Selon Philippe Baret, le passage vers le bio ne mettrait pas à  mal le secteur et la sécurité alimentaire de la Wallonie. C’est même  tout le contraire. Il se base notamment sur le premier volet de son  enquête réalisé en 2017. Les conclusions indiquent ainsi que "la  pratique de l’agriculture à faibles intrants en Wallonie ne pourrait en  aucune manière compromettre la sécurité alimentaire wallonne en termes  de calories disponibles. Ce scénario permet non seulement de nourrir la  population wallonne, mais également la population bruxelloise."

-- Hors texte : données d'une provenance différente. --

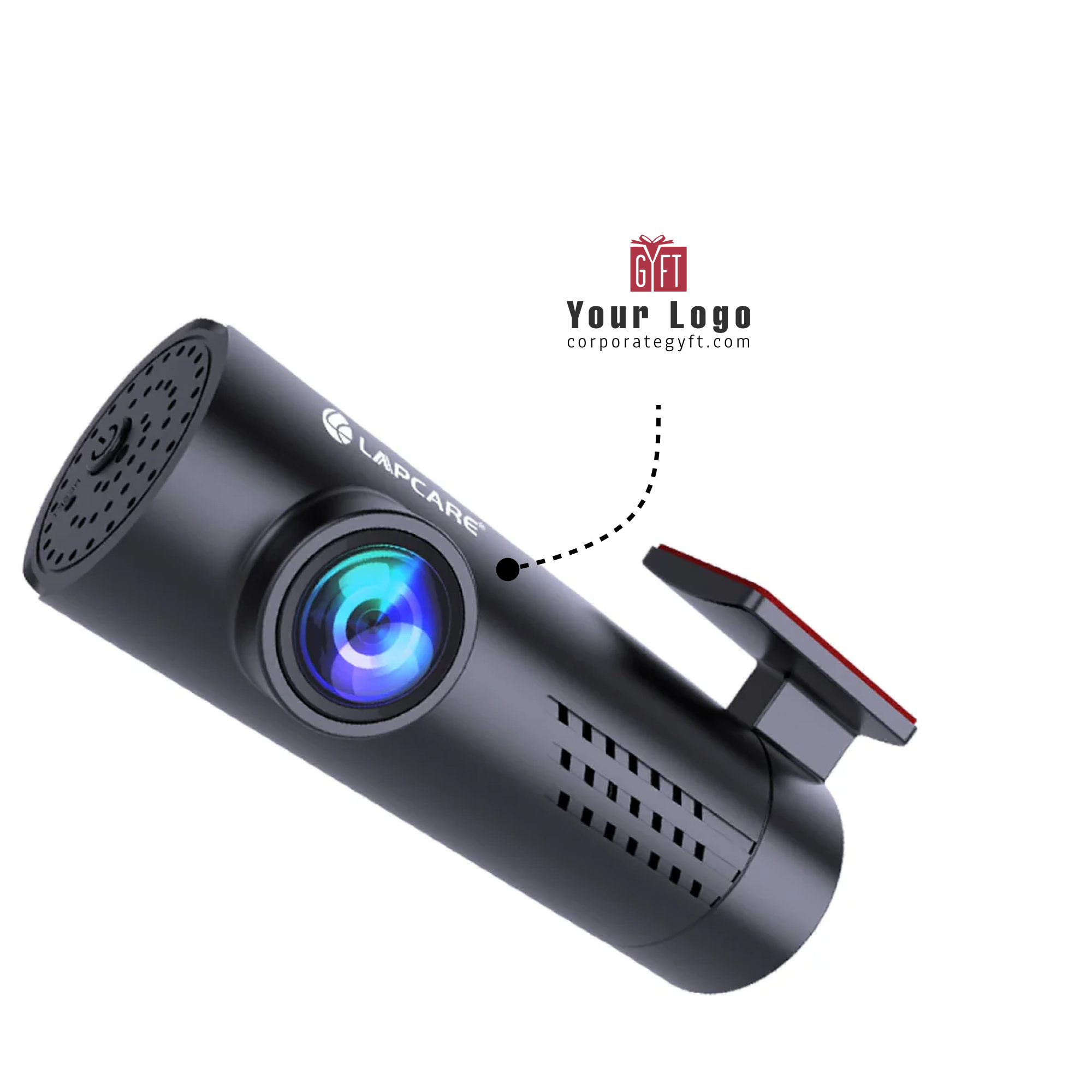 Lapcare Lapcam Dash Camera Buy Lapcare Lapcam Dash Camera in bulk for Corporate Gifting | Corporate Gyft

Au niveau de l’emploi, "une transition vers l’agriculture à  faibles intrants créerait environ 8% d’emplois en plus par rapport au  scénario baseline (où on ne change rien, NDLR)." La baisse du rendement des terres serait, elle, compensée par un prix de vente plus élevé pour les produits bio

-643 millions vs + 148 millions

Enfin, le scénario à faibles intrants réduit les dommages environnementaux et les coûts sociétaux. "Aujourd’hui, le coût environnemental de l’agriculture dépasse la valeur ajoutée du secteur agricole", estime Philippe Baret. D’après ses calculs, la valeur ajoutée brute du secteur représente 807 millions d’euros.  Les dommages à l’environnement sont par contre estimés à 1,449 milliard  d’euros. Ils comprennent les dommages à l’air, au climat, à l’eau et  les dégâts sur les sols, et intègrent des coûts au-delà des frontières  wallonnes. Bref, après le décompte des coûts environnementaux, la valeur  ajoutée (nette) plonge dans le rouge à moins 643 millions.

"Pour diminuer de moitié les pesticides en 2050, les deux tiers de l’effort doivent être faits avant 2030."

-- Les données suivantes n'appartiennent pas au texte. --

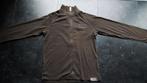 G-star raw bruine vest met rits maat Small, Kleding | Heren, Truien en Vesten, Ophalen of Verzenden, Zo goed als nieuw, G-star Raw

À l’inverse, la montée en puissance du bio change la donne avec une valeur ajoutée à 818 millions d’euros.  Mais surtout, la baisse de l’usage des produits chimiques diminue de  plus de la moitié les coûts environnementaux, à 672 millions d’euros. Ce  changement de modèle pousserait ainsi la valeur ajoutée nette à 148 millions d’euros.

Il ne faut évidemment pas être naïf. La mise en place d’une  agriculture bio nécessitera un large soutien public pendant la période  de transition. "Pour diminuer de moitié les pesticides en 2050, les deux tiers de l’effort doivent être faits avant 2030."